Long-term mortgage rates are now at their highest since 2008

Buying a house

Rising interest rates have cooled a housing market that has been boiling for years.

Construction of a multi-unit unit was underway in the South Las Vegas Valley in April. (Jeff Scheid/Nevada Independent via AP/File) The Associated Press

WASHINGTON (AP) — Average long-term U.S. mortgage rates jumped again this week, hitting the highest levels in nearly 14 years and pushing even more potential buyers out of the market.

Mortgage buyer Freddie Mac reported Thursday that the 30-year rate jumped to 5.89% from 5.66% last week. This is the highest long-term rate since November 2008, just after the housing market crash triggered the Great Recession. A year ago, the rate was 2.88%.

The average rate on 15-year fixed-rate mortgages, popular among those looking to refinance their homes, rose to 5.16% from 4.98% last week. It’s the first time the 15-year rate has been above 5% since 2009, when the housing market entered a multi-year slump.

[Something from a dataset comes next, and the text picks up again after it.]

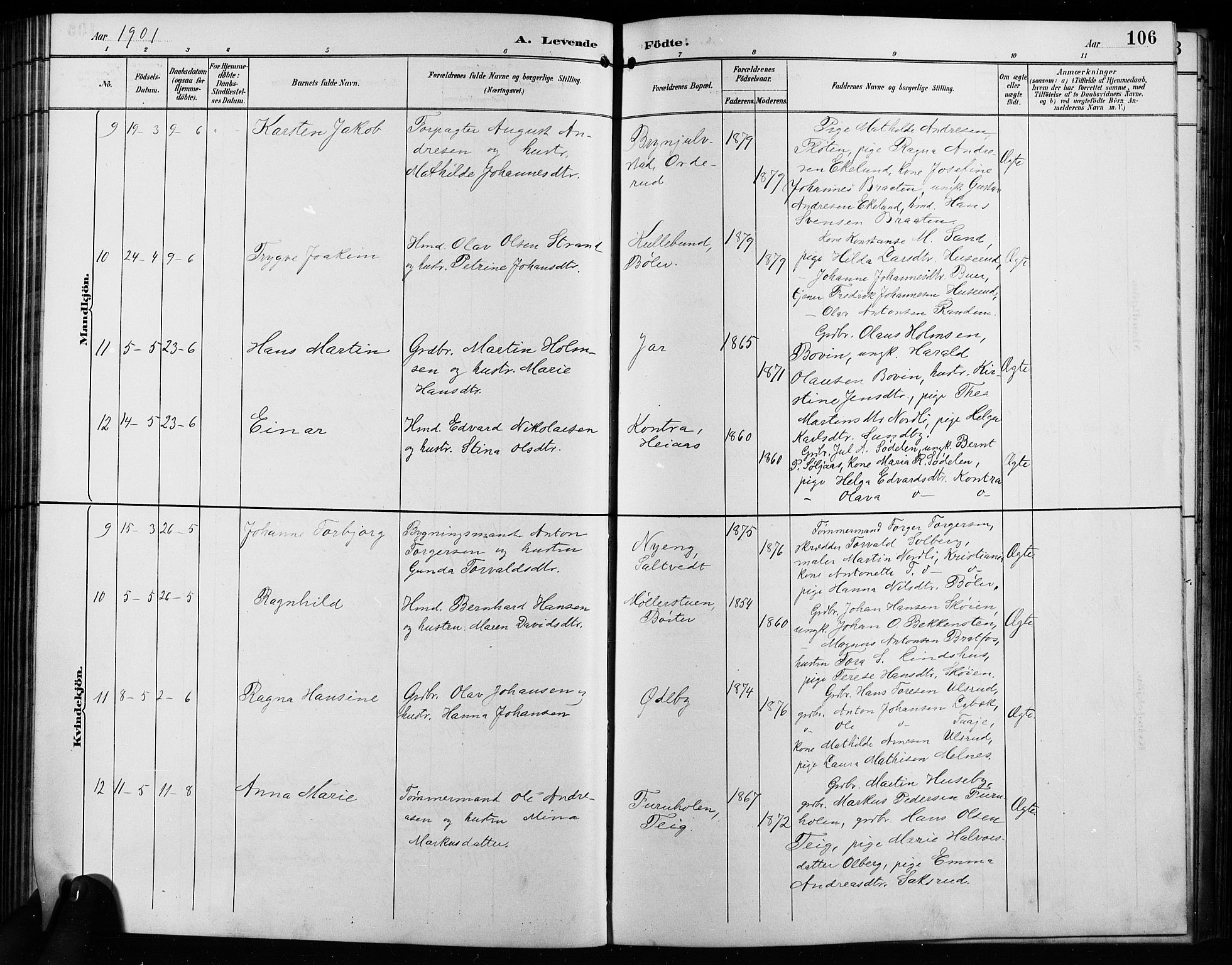 Enebakk prestekontor Kirkebøker, AV/SAO-A-10171c/G/Ga/L0006: Parish register (copy) no. I 6, 1889-1911, p. 106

Last year, at this time, the rate was 2.19%.

Rising interest rates — in part due to aggressive pressure from the Federal Reserve to rein in inflation — have cooled a housing market that has been boiling for years. Many would-be home buyers are being pushed out of the market as higher rates have added hundreds of dollars to monthly mortgage payments. Sales of existing homes in the United States have fallen for six consecutive months, according to the National Association of Realtors.

Mortgage rates do not necessarily reflect Fed rate hikes, but tend to track the yield of the 10-year Treasury. This is influenced by a variety of factors, including investor expectations for future inflation and global demand for US Treasuries.

Recently, faster inflation and strong economic growth in the United States caused the 10-year Treasury rate to skyrocket to 3.27%.

The Fed has raised its benchmark short-term interest rate four times this year, and Chairman Jerome Powell has said the central bank will likely have to keep interest rates high enough to slow the economy “for a while. time” in order to tame the worst. inflation in 40 years.